In America every year, more than 6,000 men, women and children are killed in fires, of which 78.3 percent are in residential fires. That is a lot of lives lost because the (victims) couldn't afford to have more "bureaucratic things." as (Pugel's) group states.
Records indicate that in the last 29 years of residential sprinklers use, not one fatality has occurred in a home with a properly operating sprinkler system.
The cost to the public for these nonsprinkler (equipped) house fires is staggering. The cost of putting out the fires and the cost of personnel to fight fires is rising.
The fire department (is at greater risk) has to risk when a (burning) home (is not equipped with sprinklers). Also, in the Payson area, homes are getting bigger and bigger. It is not hard to find homes the size of most commercial buildings anymore, with many being more than 8,000 square feet.
The home which burned Thursday was approximately 1,400 square feet in size. Due to the amount of fire and debris from the fire, it took three of us firefighters almost 15 minutes after entry to locate the first victim. They only had minutes to get out of the fire. That's what residential sprinklers are designed to give (us): time to get out.
How long would it have taken to get out of this home if it had been a 3,000 square foot home? Would we have made it out alive? Should we be risking our lives because some people don't want to pay to protect themselves? Where is the tradeoff here?

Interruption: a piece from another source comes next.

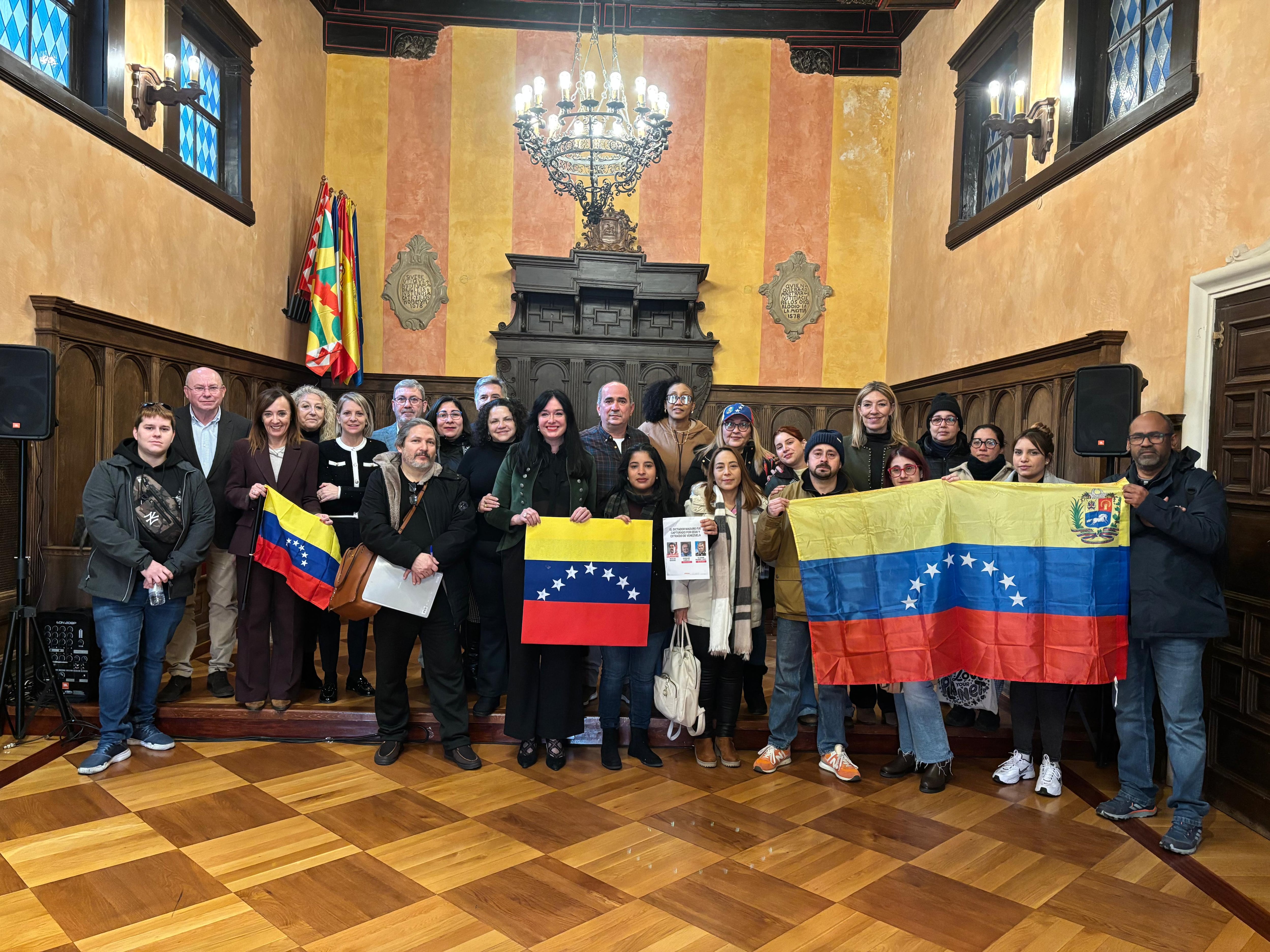 Recepción de Lorena Orduna a varios vecinos venezolanos de Huesca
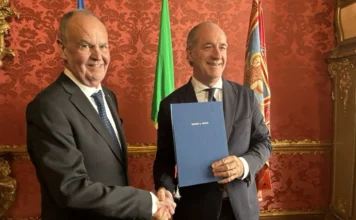 Autonomia differenziata, accordo preliminare Governo-Regione Veneto a 5 giorni dal voto. Scoppia la polemica elettorale calderoli zaia preaccordo autonomia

The builders say that this amendment is cost prohibitive. The average cost of a home over 3,000 sq. ft. in this area is (more than) $125 dollars per sq. ft. The average cost of adding a sprinkler system is less then $1.25 per square foot, or one percent. You can spend more to upgrade carpet than that.
This seems like a small amount to pay to help protect your life and that of loved ones. Who knows? Your grandchildren may decide to visit you next week. Is it worth $1.25 per square foot (to possibly save their lives)?
We hope to never see another tragedy like what happened Thursday night, but reality says we will. Please help to eliminate what we can of this problem. (Let's) not continue to add to it by turning back the pages of time and going against the Uniform Fire Code and its amendments.
Yes, these large houses are not the kind that burn. And the Titanic is unsinkable.